My cousin, Chad, was a year older than me. We both had the same red hair and freckles, and were about the same height. People often thought we were twins. We teased each other a lot: pinching, arm twisting, dunking in the pool, etc. We really spent a lot of time together as kids. He was on the side of the family that always got together for Thanksgiving and Christmas…that had to perform before we could get our Christmas presents, and that we saw at grandma’s house or came over to swim. When I graduated high school, he gave me a hair-dryer to take to college that looked like a pistol. I always thought of him and had a good chuckle as I held that gun to my head.
The funeral was a lovely service and at the point where they asked if anyone wanted to come up and say a few words it hit me. I hadn’t seen my cousin since about 1986. I realized then that I didn’t know him. I didn’t know the man he had become, I just new the teenage boy that used to strut around our pool. I was grateful for those who did comment, for I was able to see that he was a fun, caring, hard-working and very loved man. His family and friends will miss him, as will I. I’m grateful that we were both at least on Facebook and were able to communicate the last couple of years. I’m sad I don’t even have a picture of he and I together.

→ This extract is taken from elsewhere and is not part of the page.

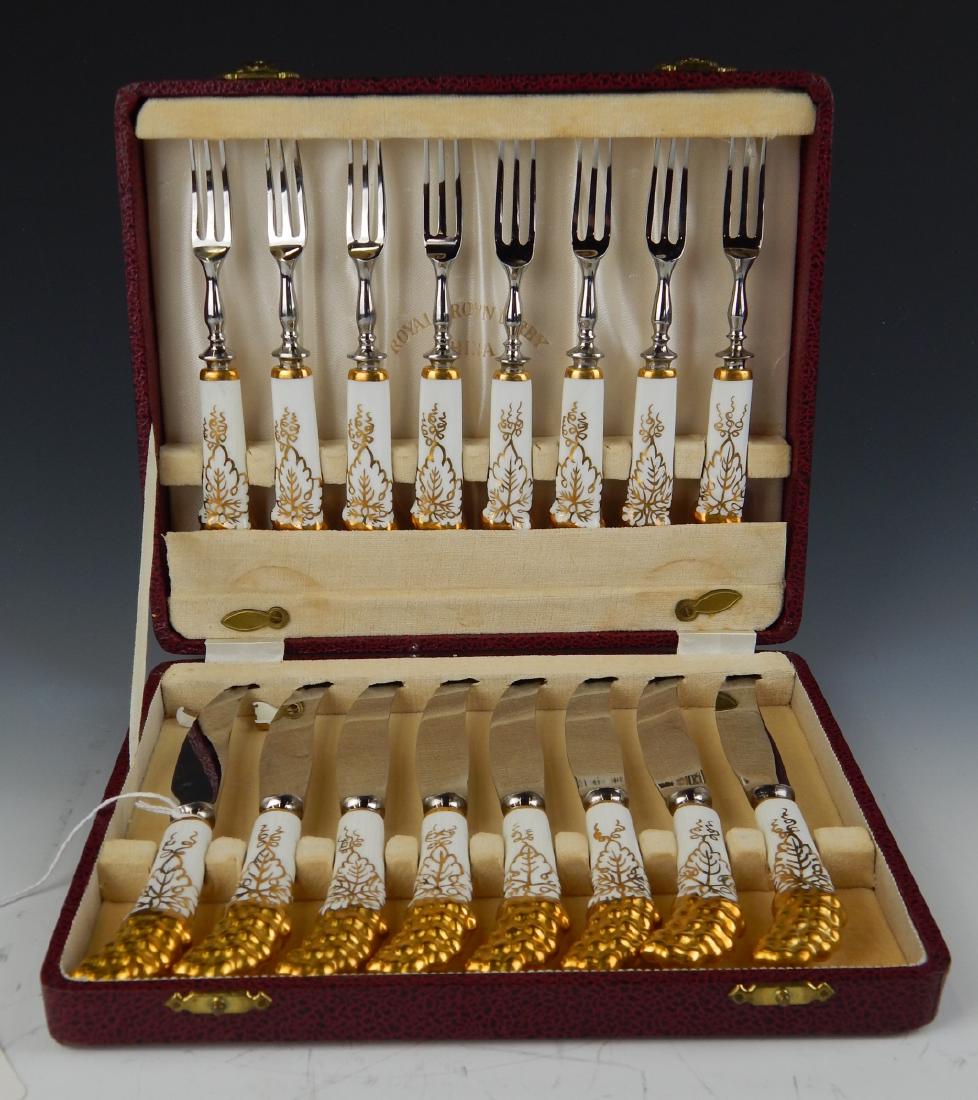 8 ROYAL CROWN DERBY GOLD & WHITE FRUIT SETS w BOX (1 of 5)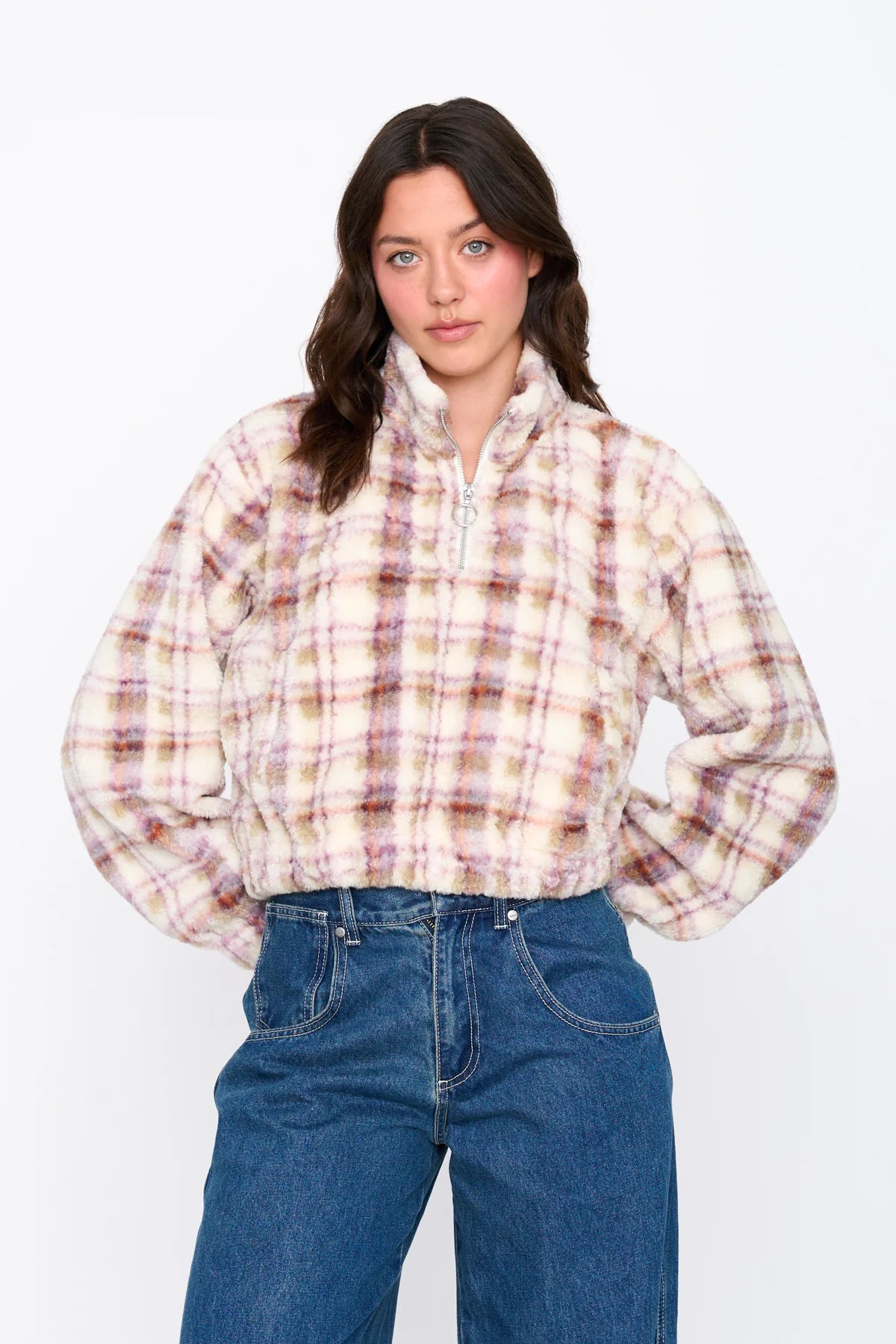 FLEECE PULLY CHECKED - BEIGE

So, here’s where I’m going with this. Seek out your family. Go for a visit, invite them to come to you, or plan a family reunion. It just takes someone willing to be in charge and get the ball rolling. As one of my cousins said, “We all say we’re too busy to get together for a reunion, but we seem to be able to drop everything for a funeral.” Families live apart from each other all around the world. Write them, call them, Facebook them. I’m so glad I was able to re-connect with my family. It’s just too bad that it took a death in the family to bring us all together.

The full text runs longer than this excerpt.